Neue orale Gerinnungshemmer (NOAKs) wie Rivaroxaban sorgen für Gesprächsstoff in Berlin. Während Heilberufler und Oppositionsvertreter massives Marketing kritisieren, wollen Regierungsvertreter davon nichts hören. Schwarz-Rot zieht sich geschickt aus der Affäre.
Warum steigen Verordnungszahlen bei manchen NOAKs derart rapide an? Professor Dr. Wolf-Dieter Ludwig, Chef der Arzneimittelkommission der deutschen Ärzteschaft (AkdÄ), nennt einen möglichen Grund: „Ich persönlich denke, dass das Marketing eine ganz entscheidende Rolle spielt. Ich habe selten eine derartige Kampagne gesehen wie bei diesen neuen Blutverdünnern. Es gibt eine Vielzahl von Artikeln in gekauften Zeitschriften der Industrie. Es gibt Meinungsführer, die ziemlich skrupellos diese neuen Medikamente propagieren, obwohl es dafür keinen klaren Grund derzeit gibt. Und es gibt Fortbildungsveranstaltungen, in denen so genannte Meinungsführer mit Interessenskonflikten auftreten und durch ihre Aussagen ganz wesentlich ein unkritisches Verordnungsverhalten fördern.“ Deutliche Worte. Jetzt fordert die Linkspartei Konsequenzen.

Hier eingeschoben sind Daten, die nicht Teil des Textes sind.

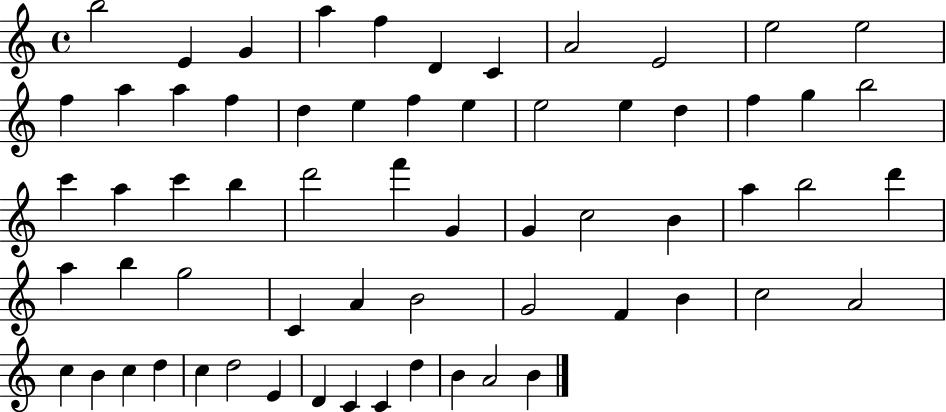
B5/h E4/q G4/q A5/q F5/q D4/q C4/q A4/h E4/h E5/h E5/h F5/q A5/q A5/q F5/q D5/q E5/q F5/q E5/q E5/h E5/q D5/q F5/q G5/q B5/h C6/q A5/q C6/q B5/q D6/h F6/q G4/q G4/q C5/h B4/q A5/q B5/h D6/q A5/q B5/q G5/h C4/q A4/q B4/h G4/h F4/q B4/q C5/h A4/h C5/q B4/q C5/q D5/q C5/q D5/h E4/q D4/q C4/q C4/q D5/q B4/q A4/h B4/q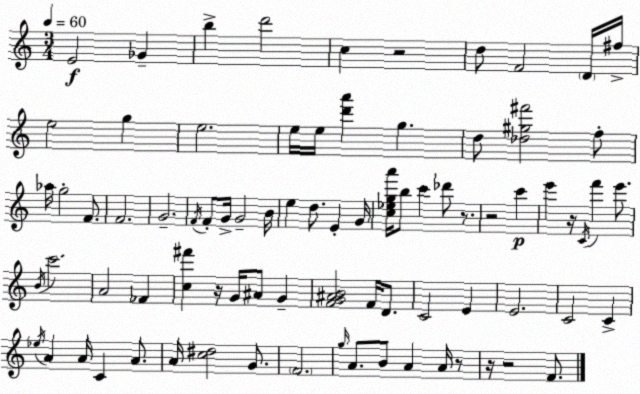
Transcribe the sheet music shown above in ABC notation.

X:1
T:Untitled
M:3/4
L:1/4
K:C
E2 _G b d'2 c z2 d/2 F2 D/4 ^f/4 e2 g e2 e/4 e/4 [d'a'] g d/2 [_d^g^f']2 f/2 _a/4 g2 F/2 F2 G2 F/4 F/2 G/4 G2 B/4 e d/2 E G/4 [c_ega']/4 b/2 c' _d'/2 z/2 z2 c' e' z/4 C/4 f' e'/2 B/4 c'2 A2 _F [c^f'] z/4 G/4 ^A/2 G [FG^AB]2 F/4 D/2 C2 E E2 C2 C _e/4 A A/4 C A/2 A/4 [c^d]2 G/2 F2 g/4 A/2 B/2 A A/4 z/2 z/4 z2 F/2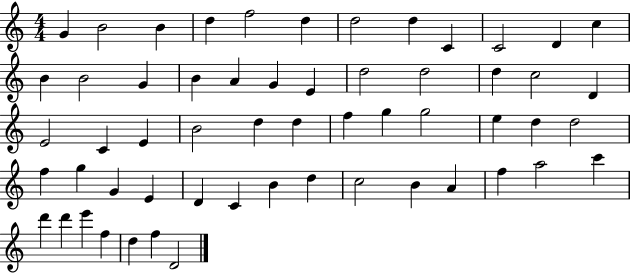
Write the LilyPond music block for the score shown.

{
  \clef treble
  \numericTimeSignature
  \time 4/4
  \key c \major
  g'4 b'2 b'4 | d''4 f''2 d''4 | d''2 d''4 c'4 | c'2 d'4 c''4 | \break b'4 b'2 g'4 | b'4 a'4 g'4 e'4 | d''2 d''2 | d''4 c''2 d'4 | \break e'2 c'4 e'4 | b'2 d''4 d''4 | f''4 g''4 g''2 | e''4 d''4 d''2 | \break f''4 g''4 g'4 e'4 | d'4 c'4 b'4 d''4 | c''2 b'4 a'4 | f''4 a''2 c'''4 | \break d'''4 d'''4 e'''4 f''4 | d''4 f''4 d'2 | \bar "|."
}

Kathrin Vogler, Sprecherin für Arzneimittelpolitik und Patientenrechte bei der Linken, führt „alarmierende Kosten“ an. Und weiter: „Der Gerinnungshemmer Xarelto® ist 20 Mal teurer als Marcumar®-Nachahmer, aber meist ohne Zusatznutzen.“ In lediglich sechs Jahren hätten sich die Kosten der gesetzlichen Krankenkassen für dieses Medikament verzehnfacht. Alle heiklen Themen hat die Linke in einer kleinen Anfrage zusammengefasst und an die Bundesregierung geschickt – ohne durchschlagenden Erfolg.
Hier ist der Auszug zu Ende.